A lovely job. Though it was not the woman they remembered. She had lost an extraordinary amount of weight. Her head was quite wasted. And her skin seemed much too smooth. After all. He must have poured the makeup on. Stomach fl
at as a frying pan, for the unborn child had been removed and placed in a smaller box. Such a tiny coffin, like a jewel box. She had carried the baby full and low … wasn’t that to mean a boy? The word was that it had been a boy.
“Called back,” said Mrs. Parrish, whose husband was in feeds. “Called back because the loving Lord couldn’t bear to have him leave His care, not even for man’s brief lifetime.” Her good eyes shook out tears.
The child did not even have the opportunity to be born dead. As the Reverend said, for he was a man of order and belief, even though he spoke of his own … “too imperfect even for that.” Sickly harbored. So sad. With its little untried soul.
“My wife,” the Reverend said, “had unnecessary thoughts at the end. You could tell she was sick. You could tell that something wicked had her in its grasp.”

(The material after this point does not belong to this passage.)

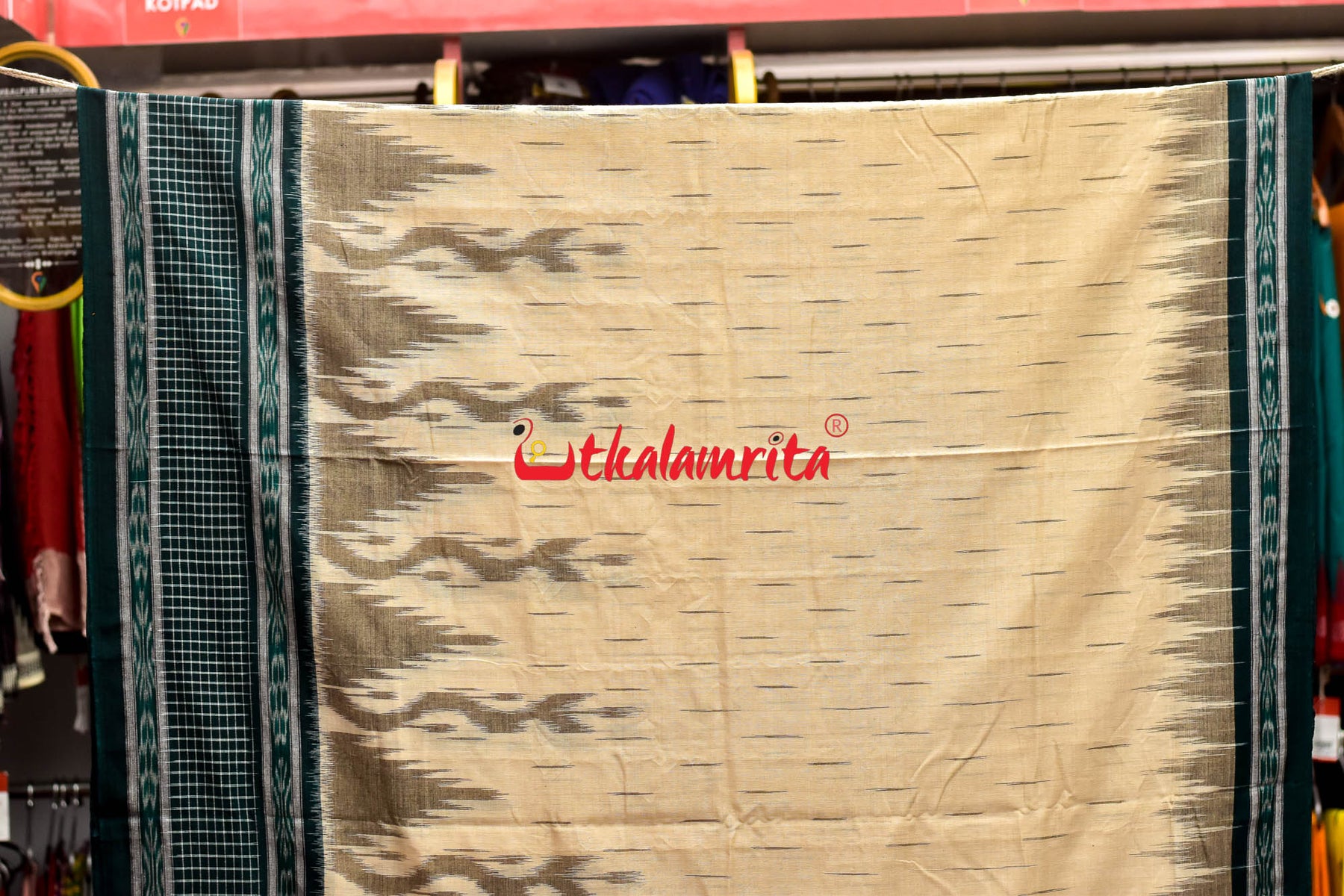 Off White Green Check Daali Scot Khandua Cotton Saree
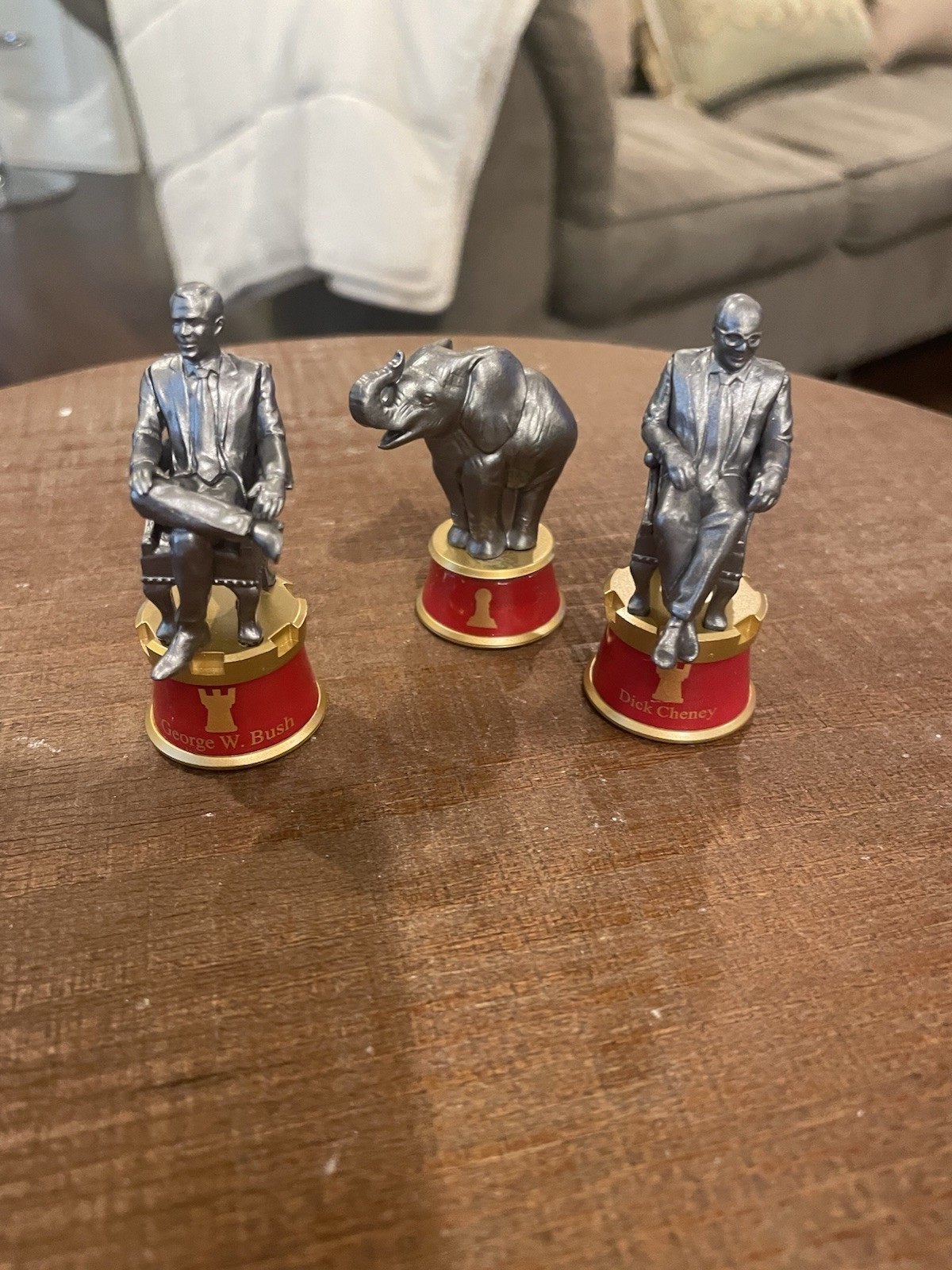 Republican Figures George W. Bush, And Dick Cheney 3.5” With Mascot 2”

They all tipped slightly over the coffin, their hands twitching behind their backs. A button on the deceased’s blouse was dangling, the thread all ravelly. They all had a desire to push it back in place. Such carelessness was inexcusable. All pride gone out of craftsmanship ever since the war. The blouse was brown silk, rather old, the thread of the buttons was black. Two strands of beads; one of glass, the other of clay. Like an Indian curio in a novelty shop. Almost a toy. A child’s necklace, for dress-up. Perhaps the child had been responsible for this. A lovely gesture, though rather lurid. Motherless Kate. Makes you cry. Looks like neither the poor Mrs. nor the Reverend except in bearing. Little stranger. Black wool skirt on the deceased. A full skirt, as though for dancing. A plastic belt. Red and white pumps. Newly shined. The darker polish somewhat lopping over its bounds. The Reverend had picked out the clothes. You know the way men are. No sense of a woman’s image. If the Mrs. Jackson could see herself, she’d cry. She cried for less when living. Her eyes were always brimming. Just before the end.